The Southeast Missouri State University Board of Regents agrees to submit a $77.7 million budget to the Missouri Coordinating Board for Higher Education. As was the case last year, heading the list of needs in the budget this year is a 13 percent pay increase for faculty and staff.
The cornerstone of the new, partially completed St. Mark Lutheran Church on Cape LaCroix Road is laid during the morning worship service. Officiating is the pastor, the Rev. Max D. Sullivan, and vice president of the congregation, Louis Mueller. This is the first time services are conducted in the new church.
Double anniversary services are held all day at First Assembly of God Church in Cape Girardeau, marking the second anniversary in the new church building and the third anniversary of the pastor, the Rev. George W. Westlake Jr., and his family at the church.

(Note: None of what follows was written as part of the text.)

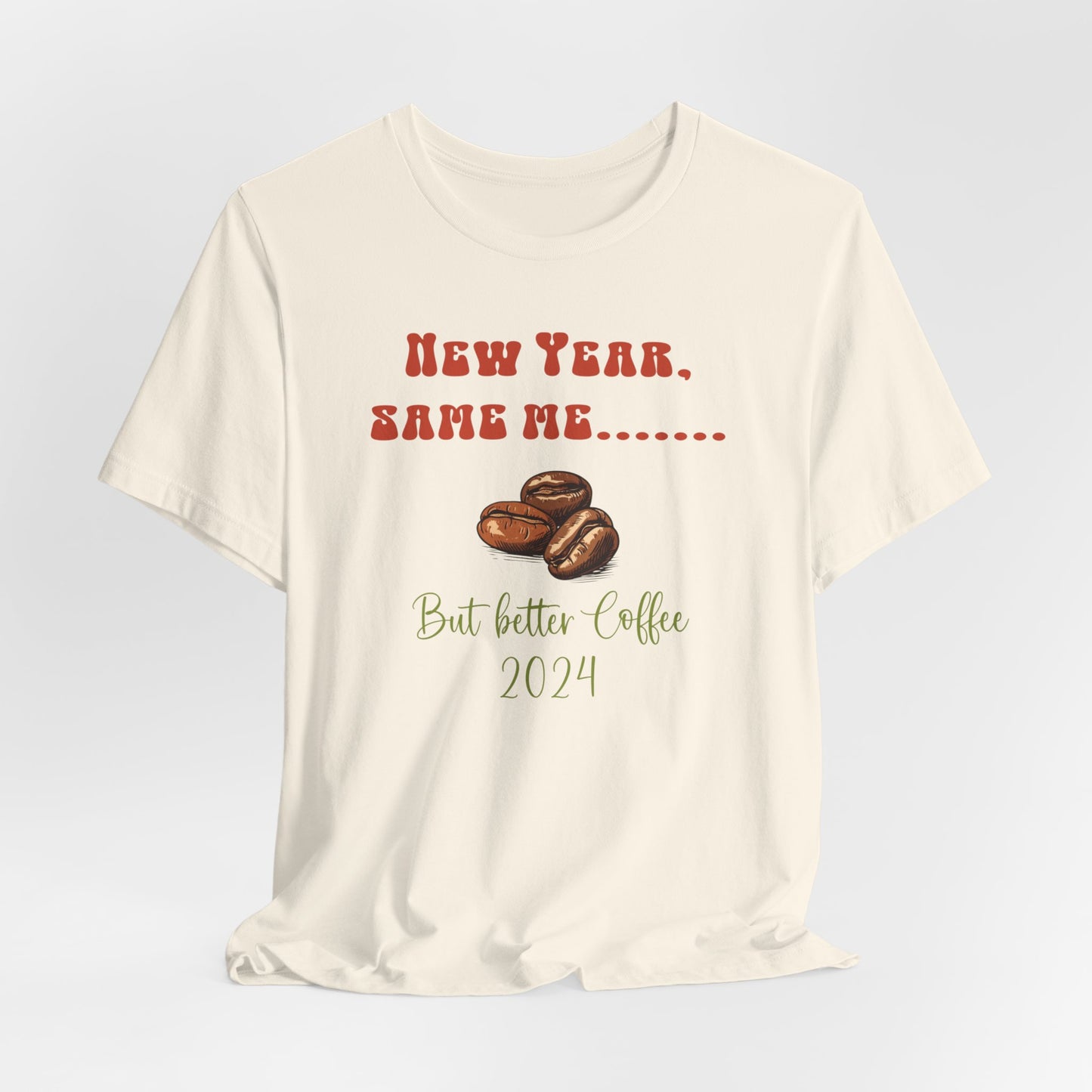 New Year Same Me But Better Coffee 2024 T-Shirt #3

Survey crews have begun work on the Missouri and Illinois sectors of the big oil pipeline to be constructed from Texas to Illinois, which will cross the Mississippi River in the vicinity of Gray's Point, Missouri, and Thebes, Illinois. Crews for this sector are headquartering in Cape Girardeau.
Work preliminary to the construction of the Army aviation training field south of Cape Girardeau on U.S. 61 has been started, but it will be a few days before actual ground work begins, pending removal of crops from the farm land within the site. A frame office building, from which construction operations will be directed, was completed yesterday.

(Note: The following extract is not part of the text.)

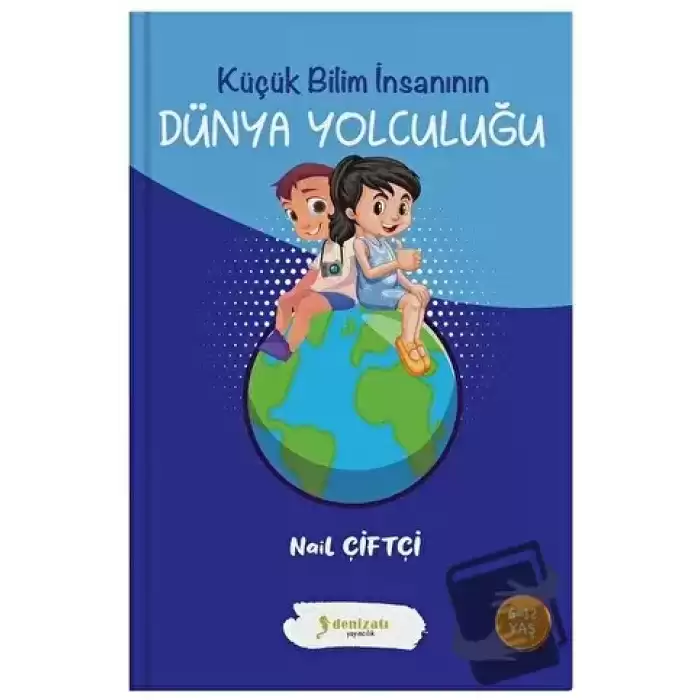 Küçük Bilim İnsanının Dünya Yolculuğu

In his Sunday morning sermon to parishioners at St. Mary's German Catholic Church, the Rev. E. Pruente gave some sound advise on the proposition of obeying the draft law and the patriotism necessary to be shown by citizens of the United States; he asserted that, with the United States at war with Germany, the draft laws must be obeyed.
On a recent trip to St. Louis, city counselor Oscar Knehans called on the general manager of the Frisco Railroad to inquire as to the status of Cape Girardeau's new passenger depot. He was told the general manager had laid the matter aside, as he thought it impossible to agree with the city on the plans.